Darfur's fractious rebel groups started key talks on Friday to hammer out a united front paving the way for negotiations with the Khartoum government and an end to the deadly civil conflict.
"For the first time in a long time, I have a feeling of hope for Darfur, a sense of opportunity not to be lost," top UN mediator Jan Eliasson said in his opening remarks.
Asked when final settlement talks could take place, Eliasson's African Union (AU) counterpart Salim Ahmed Salim said: "Within the next two months."
When the deadly conflict erupted in Darfur four-and-a-half years ago, the uprising against the central authority in Khartoum was spearheaded by one group that was protesting the government's "policies of maginalization, racial discrimination, exclusion, exploitation and divisiveness."
Now diplomats face the daunting task of finding common ground for a dozen rebel factions.
"Our objective is to find a common position.
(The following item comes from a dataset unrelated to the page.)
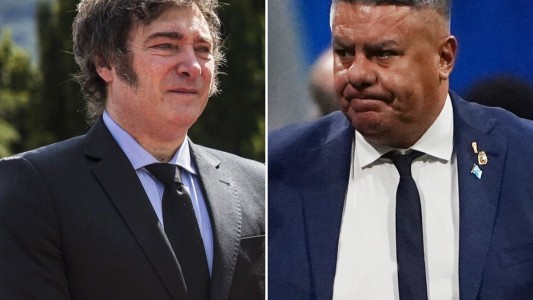 El Gobierno busca quitarle beneficios impositivos a la AFA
You cannot have negotiations with on the one hand, the Khartoum government, and seven, eight or nine rebel groups on the other," Salim said.
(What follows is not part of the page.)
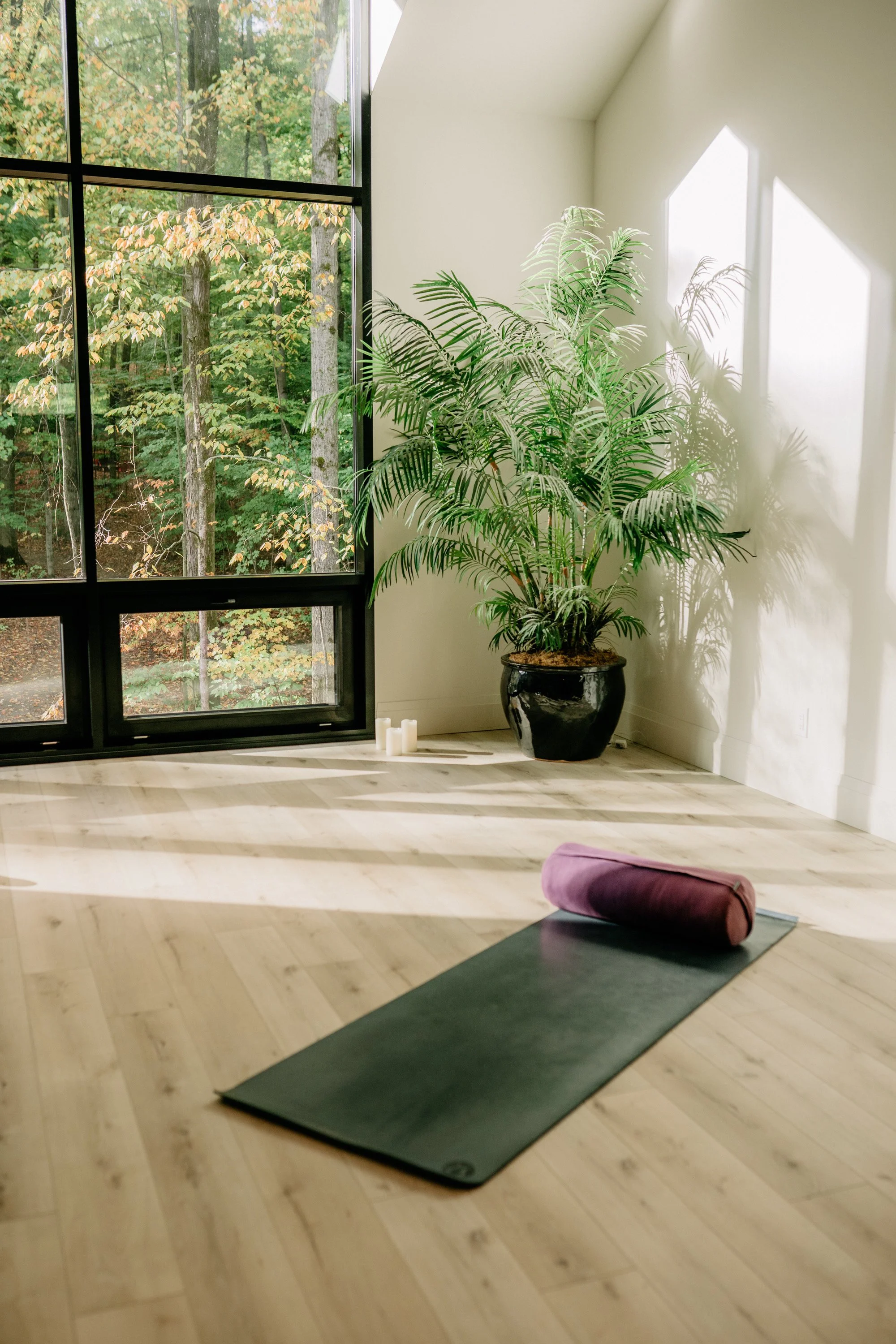 Morning Mini Retreat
At least 16 military commanders were expected to take part in the talks.
Eliasson said it was crucial to rapidly capitalize on Tuesday's Security Council decision to deploy 26,000 peacekeepers in Darfur to boost the political process.
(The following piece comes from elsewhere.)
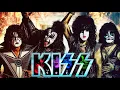 Download Lagu Classic Rock || Kiss Greatest Hits Full Album - Best Of Kiss Playlist 2021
"I fear a very dangerous situation in the camps" of displaced people if there is no rapid progress on the political front, he said.
"It will take some time before all the peacekeepers are deployed. The political process is now at a crucial stage," he said.
After a day of preliminary meetings, the talks kicked off in earnest late on Friday, but without the Sudan Liberation Movement of Abdel Wahid Mohammed Nur, the founding father of the rebellion and a member of Darfur's largest tribe.
"We regret that Abdel Wahid Nur is not here. We hope that with this decision, he is not excluding himself from the final negotiations we are planning," Eliasson said.
Nur's faction contests the legitimacy of the many splinter rebel groups and also argues crunch talks with the government should only be considered once the new "hybrid force" of UN and AU peacekeepers is deployed.
"The more you recognize individuals as faction leaders by inviting them to talks like those in Arusha, the more factions there will be, and consequently disorder on the ground," his spokesman Yahia Bolad said.
Eliasson nevertheless described the Arusha meeting as "highly representative and the widest group of rebels ever assembled."
A Darfur peace deal was reached with the Sudanese government in Abuja in May last year but it was only endorsed by one of three negotiating rebel groups. The signatory was Minni Minawi, a military commander who broke away from Nur's group and is now the fourth-ranking official in the Sudanese state.
According to a recent report on the Darfur rebels, the need is not so much for an effort to revive the Abuja peace deal but for a new and inclusive process.